What you need to do
Return an exact copy of the lines from the one holding "Portrait of Princess Charlotte von Preussen" to the end of the data, including both the starting and final lines. Leave the pictures out.

Stored items
════════════════
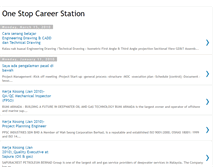 Tablet Screenshot of onestopcareerstation.blogspot.com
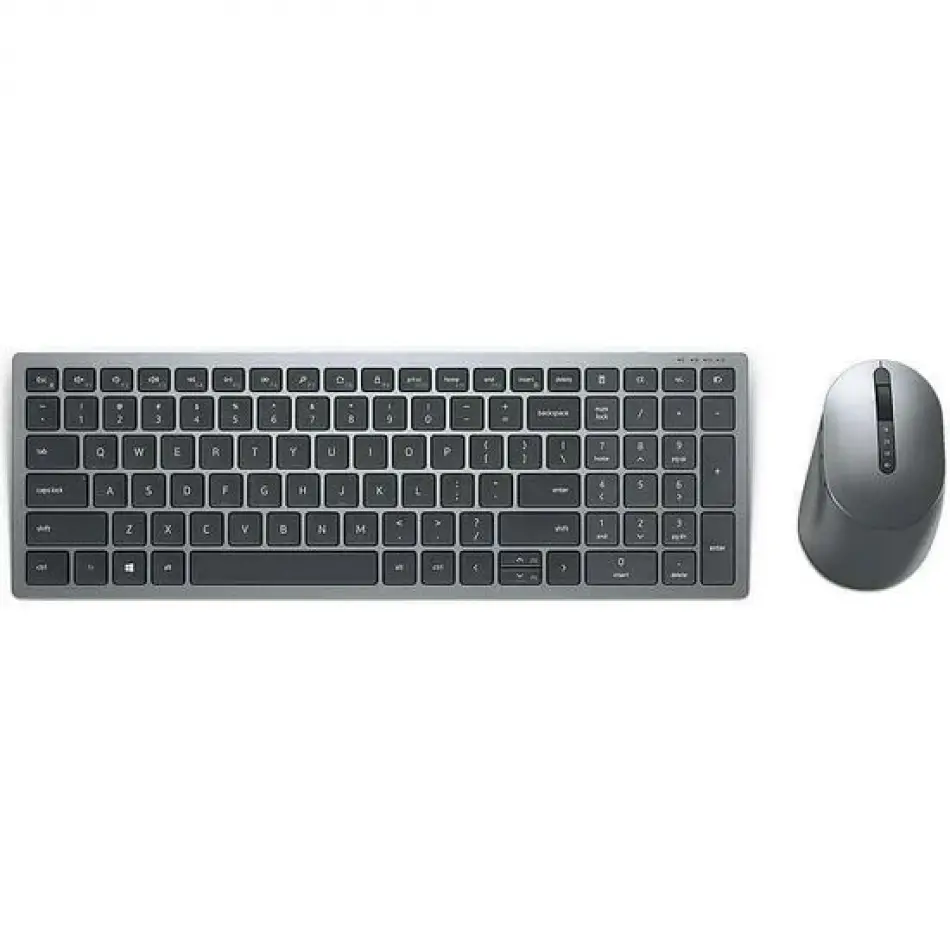 Dell Km7120w Kablosuz Klavye Mouse Set Tr-gri-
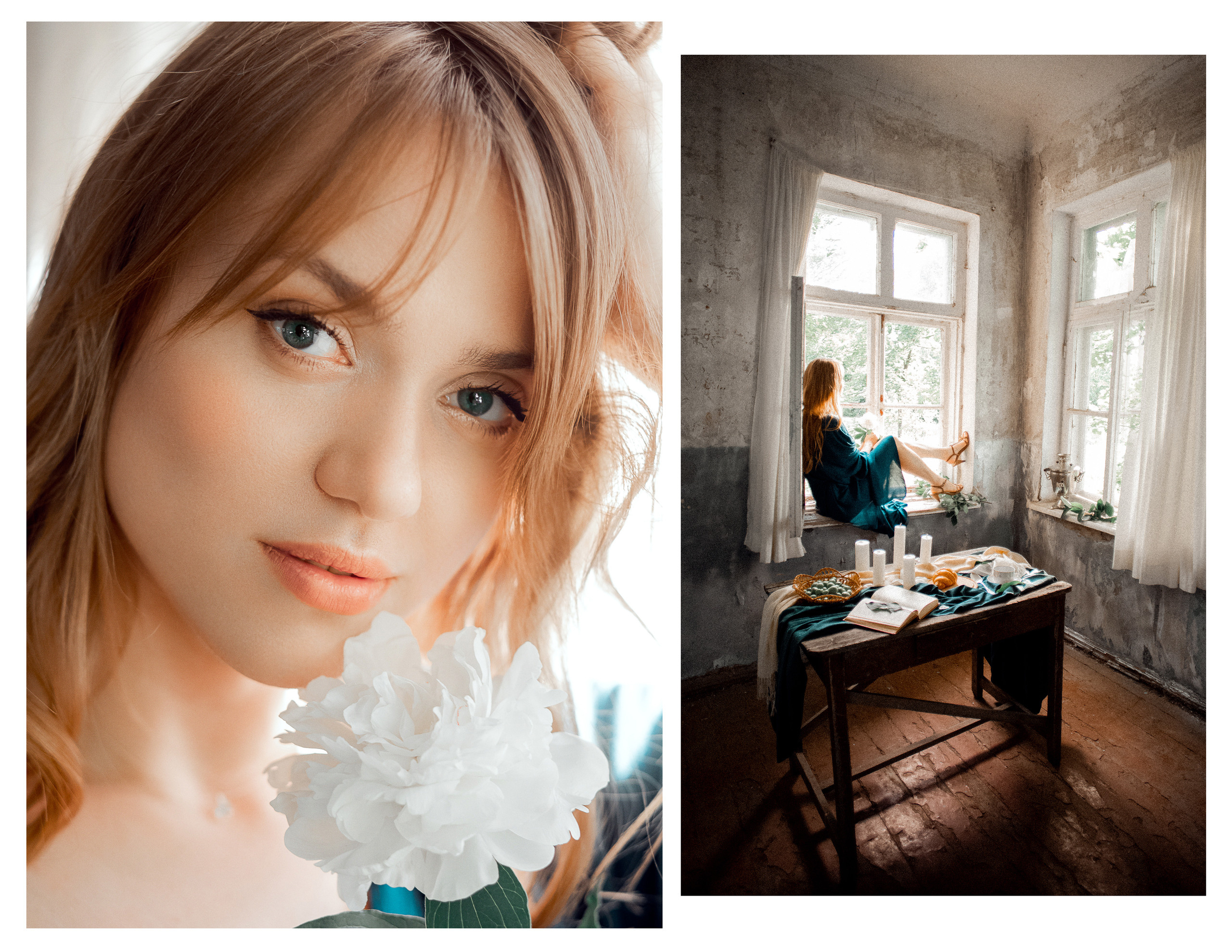 My space. Diana Di — private photo editor for photographers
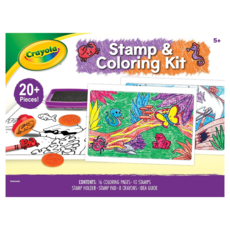 Crayola 繪兒樂 印章藝術家套裝, 1套, 黑色 + 白色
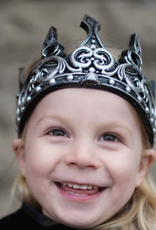 Great Pretenders Medieval CrownSilver/Blk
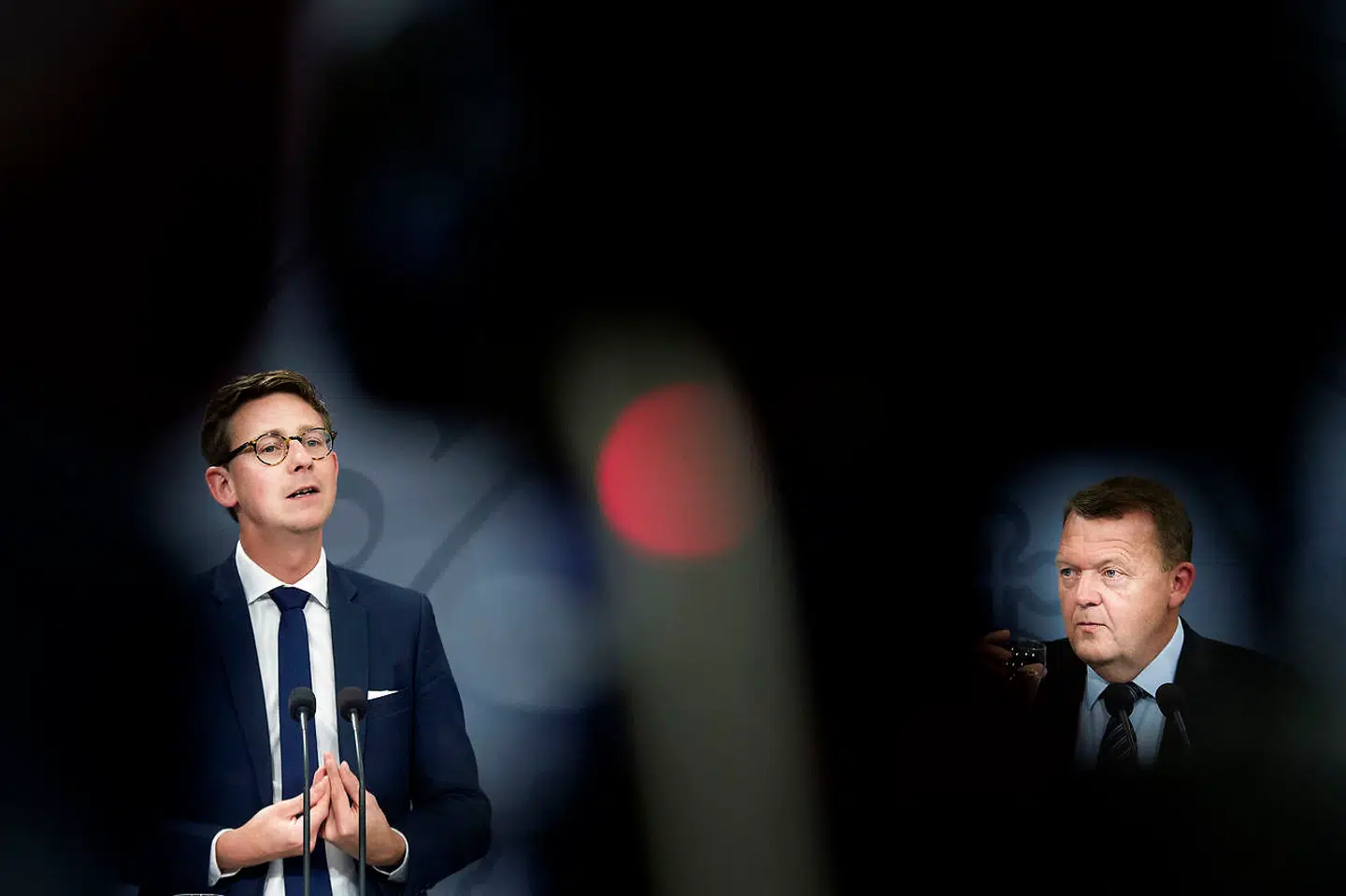 »At næstformanden skal hedde Inger Støjberg, handler om at kunne lave et godt team,« siger Karsten Lauritzen.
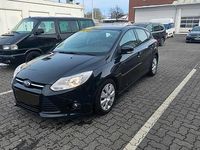 Gebraucht Ford Focus 140 PS (102 kW) 2012 Schwarz Limousine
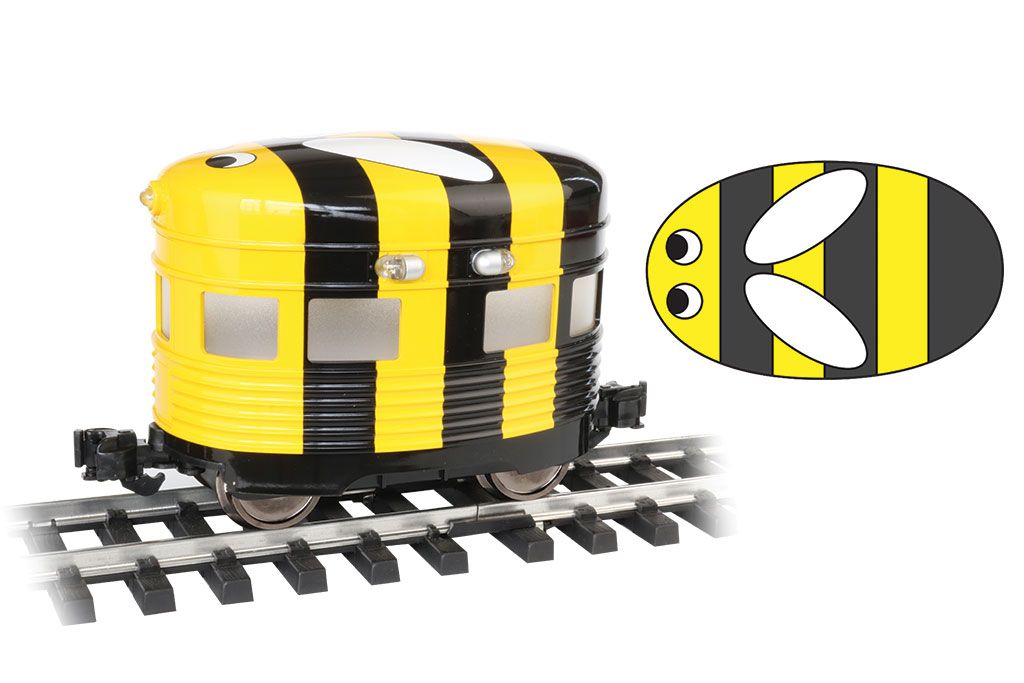 Bachmann Train 96282 G Bumble Bee Eggliner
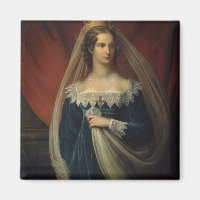 Portrait of Princess Charlotte von Preussen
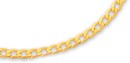 9ct-50cm-Solid-Curb-Gents-Chain Sale
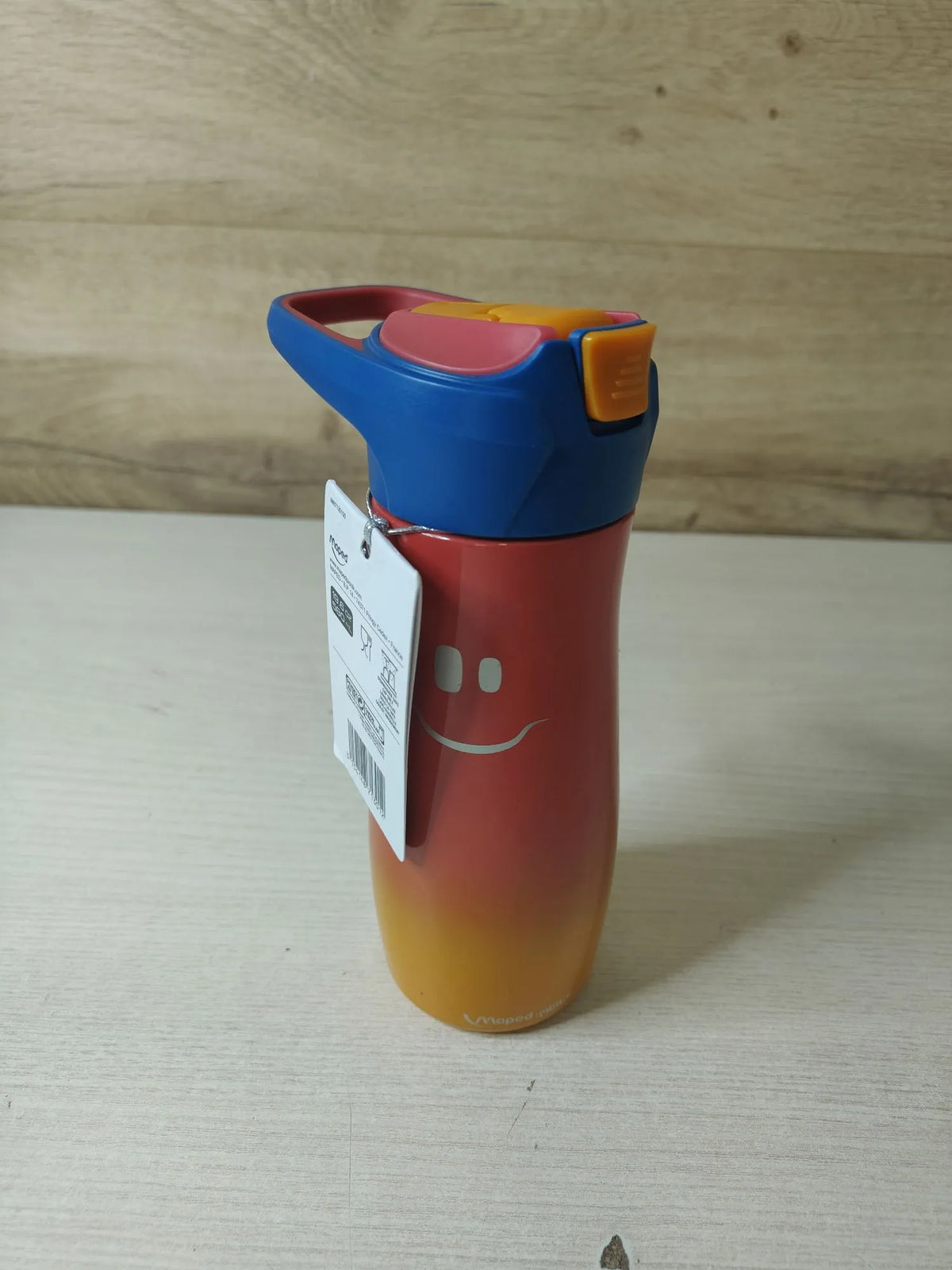 Botella de agua de acero inoxidable - Maped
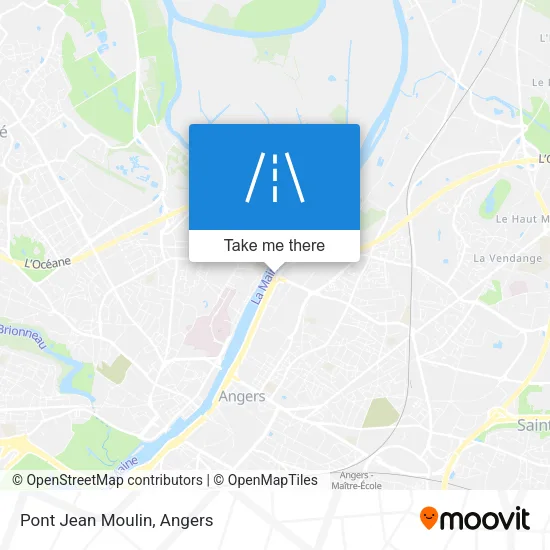 Pont Jean Moulin map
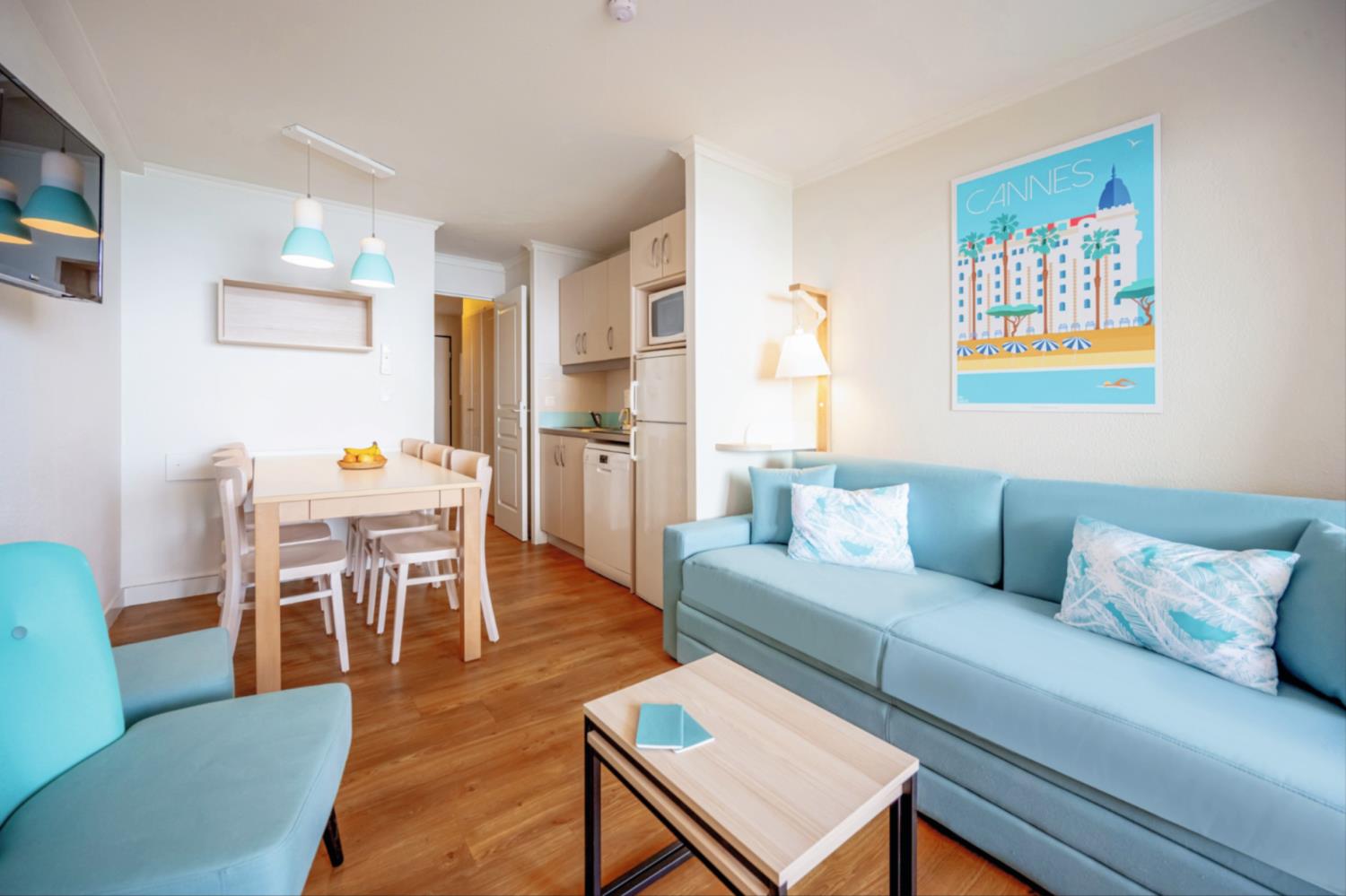 Cannes Verrerie 2p6p A/C Terrace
════════════════
Final answer
 Portrait of Princess Charlotte von Preussen
 9ct-50cm-Solid-Curb-Gents-Chain Sale
 Botella de agua de acero inoxidable - Maped
 Pont Jean Moulin map
 Cannes Verrerie 2p6p A/C Terrace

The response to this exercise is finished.